---
layout: handbook-page-toc
title: "Design: Storage Nodes"
---

## On this page
{:.no_toc .hidden-md .hidden-lg}

- TOC
{:toc .hidden-md .hidden-lg}

Issue: [`infra/5088`](https://gitlab.com/gitlab-com/gl-infra/infrastructure/issues/5088)

# Idea/Problem Statement

We currently have a fleet of 24 storage nodes where Git data is stored, which requires access to
a POSIX-compliant file system. These nodes have about 16TB of storage each and they run on EXT4
file systems. While we use mirroring to address potential faults on the storage subsystem of these
nodes (e.g., for underlying device failures), we do not have a strategy to protect against other
failure modes (e.g., file system corruption, involuntary deletions) or disaster recovery (e.g.,
complete loss of data, tho Geo does cover this).
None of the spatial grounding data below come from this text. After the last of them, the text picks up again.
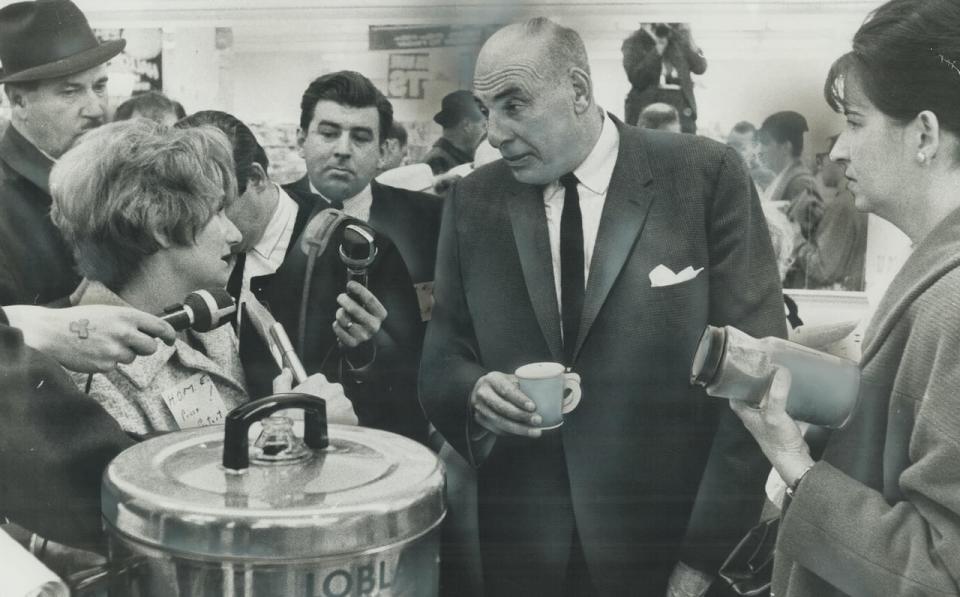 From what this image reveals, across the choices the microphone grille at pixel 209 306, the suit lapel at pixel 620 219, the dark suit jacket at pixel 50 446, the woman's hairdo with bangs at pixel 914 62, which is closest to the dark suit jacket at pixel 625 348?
the suit lapel at pixel 620 219

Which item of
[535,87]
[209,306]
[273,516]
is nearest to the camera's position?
[273,516]

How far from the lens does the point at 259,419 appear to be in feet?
4.04

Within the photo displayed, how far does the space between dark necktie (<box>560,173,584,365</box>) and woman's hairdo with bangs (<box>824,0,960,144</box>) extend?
0.47 m

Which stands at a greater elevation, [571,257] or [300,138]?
[300,138]

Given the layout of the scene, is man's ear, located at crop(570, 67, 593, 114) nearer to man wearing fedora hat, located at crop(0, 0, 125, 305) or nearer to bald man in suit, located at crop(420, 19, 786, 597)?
A: bald man in suit, located at crop(420, 19, 786, 597)

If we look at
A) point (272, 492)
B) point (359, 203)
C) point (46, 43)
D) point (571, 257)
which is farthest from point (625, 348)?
point (46, 43)

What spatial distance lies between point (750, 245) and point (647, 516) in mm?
511

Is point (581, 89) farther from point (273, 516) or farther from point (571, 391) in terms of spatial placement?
point (273, 516)

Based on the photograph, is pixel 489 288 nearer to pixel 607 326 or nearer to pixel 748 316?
pixel 607 326

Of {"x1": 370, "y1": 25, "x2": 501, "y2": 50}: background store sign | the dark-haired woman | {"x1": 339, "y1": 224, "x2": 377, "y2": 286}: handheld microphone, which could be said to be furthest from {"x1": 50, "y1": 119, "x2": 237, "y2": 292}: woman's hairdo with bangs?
the dark-haired woman

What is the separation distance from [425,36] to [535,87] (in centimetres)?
22

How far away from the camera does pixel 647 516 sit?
5.20 ft

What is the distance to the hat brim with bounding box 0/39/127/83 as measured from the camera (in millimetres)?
1498

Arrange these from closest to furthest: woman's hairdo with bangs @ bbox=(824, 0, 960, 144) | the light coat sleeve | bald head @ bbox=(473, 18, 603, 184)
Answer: the light coat sleeve, woman's hairdo with bangs @ bbox=(824, 0, 960, 144), bald head @ bbox=(473, 18, 603, 184) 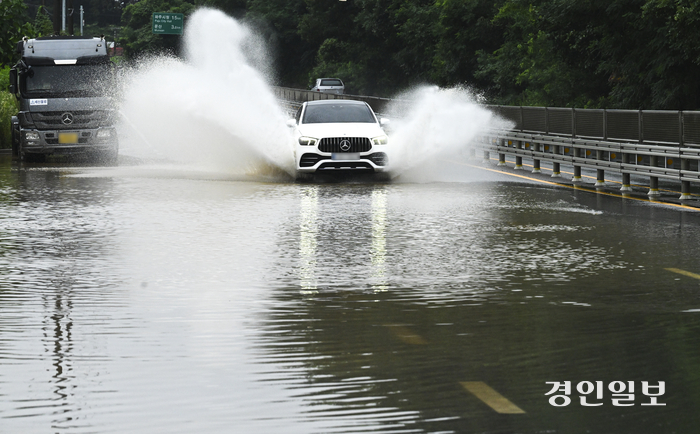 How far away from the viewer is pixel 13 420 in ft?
19.6

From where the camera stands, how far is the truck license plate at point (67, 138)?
3020 cm

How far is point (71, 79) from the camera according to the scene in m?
30.5

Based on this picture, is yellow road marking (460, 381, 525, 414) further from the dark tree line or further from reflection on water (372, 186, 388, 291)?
the dark tree line

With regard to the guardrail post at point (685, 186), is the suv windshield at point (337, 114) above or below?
above

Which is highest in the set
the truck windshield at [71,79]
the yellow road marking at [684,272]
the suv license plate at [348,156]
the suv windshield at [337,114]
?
the truck windshield at [71,79]

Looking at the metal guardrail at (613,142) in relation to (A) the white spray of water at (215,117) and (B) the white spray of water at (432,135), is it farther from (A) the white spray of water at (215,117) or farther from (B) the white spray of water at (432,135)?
(A) the white spray of water at (215,117)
We also lack the ability to use the data in these
systems for testing in a safe manner, which is desirable to be able to validate GitLab against its
large data set.

# Design

GitLab's storage architecture for Git data implements a simple and boring approach by using standalone
storage nodes running the Gitaly service. At a very basic level, the application uses a project lookup
table to determine which storage node contains a given project. This approach is highly performant
(especially once NFS was removed), avoids some of the inherent complexities of running a distributed
file system, and keeps the design and its associated components simple and manageable.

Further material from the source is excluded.